CV: Cubans—hundreds of years removed from Africa— are representing some Indigenous cultural practices more fully than the Native Angolans themselves?

AGM: Well yes, that’s what they told us. As I understand it, in trying to maintain their identity and hold onto their culture during the era of slavery, all the traditional knowledge that the Africans had brought with them to Cuba from that time was frozen thereafter in their collective memory. To change or add even a word to their their songs, their prayers . . . that would have altered their connection to the ancestors. And so what has been preserved in Cuba is akin to what was practiced in Angola and elsewhere in West Africa hundreds of years ago.

CV: And for you? What connection, if any, did you feel there?

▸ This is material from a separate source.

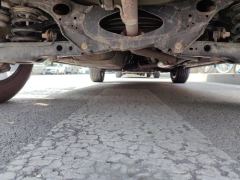 BYD Song Pro 1.5TI Version - ფოტო 9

AGM: As I watched the performances, hearing the drums, with my Cuban people singing and dancing in that context, I began to feel as though I was also part of that village, part of Angola. Living there changed my outlook on life completely. CV: Have you had the opportunity to connect with Native communities in North America during your travels? AGM: I grew up seeing the old movies filled with cowboys, presenting only a fictional, Hollywood image of Indians. When I went to Canada for the first time, to Winnipeg, I asked to be taken to First Nations communities there to get a better understanding of their reality today. What a shock it was to discover so many living on what looked to be the poorest lands in the country. Drugs, violence, and alcoholism were rampant—yet Canada talks about “human rights.” Any nation that dares to open its mouth to talk about human rights anywhere else, when it forces its own Indigenous people to live in that way... it’s shameful.

CV: Your father began as a doctor, but his calling to change the world ultimately manifested through asserting political ideology through armed struggle. Your own path, revolutionary in a different sense, is firmly situated in the practice of medicine. Is there a connection?
AGM:
How can we, as doctors, relieve the sickness of human beings if they have nothing to eat? How can we improve the overall health of people if they don’t have their own lands on which to grow food and cannot feed their children? My father asserted that you cannot talk of peace while there are children dying in need. Indeed, we cannot simply talk; we must act. And so I do.

—Cristina Verán is an international Indigenous Peoples’ issues specialist, research consultant, communications strategist, and multimedia producer. Her work focuses at the intersections of human rights, political engagement, the arts, and community development. She is a longtime United Nations correspondent and was a founding member of the UN Indigenous Media Network.